Results from Phase 2 clinical trials indicate MDMA-assisted psychotherapy for PTSD is safe and effective

MDMA, more commonly known as ecstasy, can safely enhance the treatment of post-traumatic stress disorder when it is used in a clinical setting alongside psychotherapy, according to new research in Psychopharmacology that analyzed the outcomes of clinical trials.

“In 2004, I began researching MDMA in rodent models, and was surprised to hear that the first clinical trial of MDMA-assisted psychotherapy for PTSD had just started that year,” said study author Alli Feduccia, a clinical data scientist at the Multidisciplinary Association for Psychedelic Studies (MAPS) and the director of Psychedelic Support.

“I also learned about the unique effects of MDMA and why it was used in couple’s therapy prior to being placed on Schedule 1 list. Using a drug only a few times to enhance therapeutic processing to resolve underlying issues that cause PTSD symptoms seemed like an approach worth investigating.”

The researchers pooled data from six Phase 2 clinical trials that were carried out from 2004 to 2017 to examine the outcomes of MDMA-assisted psychotherapy for PTSD. The six trials included 103 participants in total, and included both civilians and veterans/first responders.

The participants first took part in two or three 90-minute psychotherapy sessions to establish a therapeutic alliance with the therapist and prepare for the MDMA experience.
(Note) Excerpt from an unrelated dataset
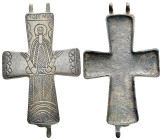 BYZANTINE EMPIRE.Cross.(8th-10th century).Ae.

Weight : 36.8 gr
Diameter : 78 mm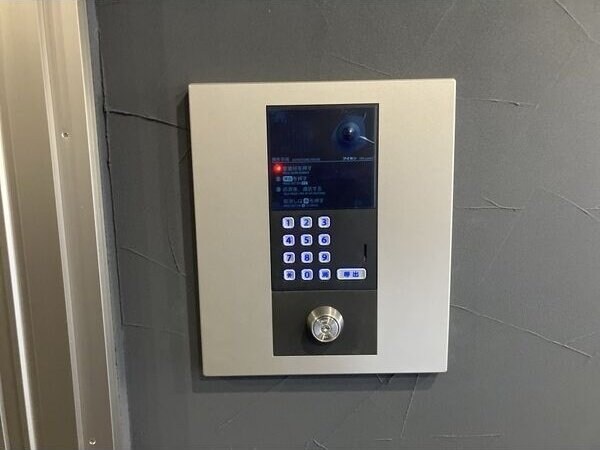 サンライズ支倉町の物件内観写真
Participants were then randomly assigned to receive MDMA or a placebo during two or three 8-hour psychotherapy sessions.

The MDMA-assisted psychotherapy sessions were based on methods developed by MAPS.

“The method includes periods of introspection alternating with periods of communication between therapists and the participant. The method is aimed at allowing participants to revisit traumatic experiences while staying emotionally engaged even during intense feelings of anxiety, pain, or grief without feeling overwhelmed,” the researchers explained in their study.

These experimental sessions were followed by an overnight stay and 90-minute psychotherapy sessions aimed at integrating the psychedelic experience.

The researchers found that the treatment appeared to be both safe and effective. After two experimental sessions, approximately 50% of participants who received active doses of MDMA no longer met PTSD diagnostic criteria, compared to 23% of participants who received placebo.

“MDMA is powerful substance showing great promise as treatment for PTSD when combined with psychotherapy. The controlled clinical context and purity of the drug are critical components for the positive outcomes of the studies,” Feduccia told PsyPost.

“The severity of PTSD symptoms were reduced for many participants after 2-3 sessions of MDMA-assisted psychotherapy, with the effects durable 12 months after treatment.”

Although the MDMA treatment was generally well tolerated, participants who received the drug were more likely to report side-effects such as anxiety, dizziness, jaw clenching, lack of appetite, and nausea.

“Results from Phase 2 trials are exceptional for a PTSD treatment, but the findings will need to be replicated in a larger number of people in the Phase 3 trials. Phase 2 trials enrolled mostly White participants, lacking diversity in race and ethnicity. Studies need to enroll more people of color to know if this treatment will work in the same way for them,” Feduccia added.

MAPS is currently preparing for the Phase 3 clinical trials, which are required to develop MDMA-assisted psychotherapy into an FDA-approved treatment for PTSD.

“It has taken many decades to reach this point for MDMA drug development. We are seeing a shift in public opinion as scientific evidence builds support for use of MDMA and psychedelics for treating mental health conditions. These are exciting times we live in, and could very well likely be on the cusp of a new paradigm for psychiatric medicine,” Feduccia said.

The study, “MDMA-assisted psychotherapy for treatment of PTSD: study design and rationale for phase 3 trials based on pooled analysis of six phase 2 randomized controlled trials“, was authored by Michael C. Mithoefer, Allison A. Feduccia, Lisa Jerome, Anne Mithoefer, Mark Wagner, Zach Walsh, Scott Hamilton, Berra Yazar-Klosinski, Amy Emerson, and Rick Doblin.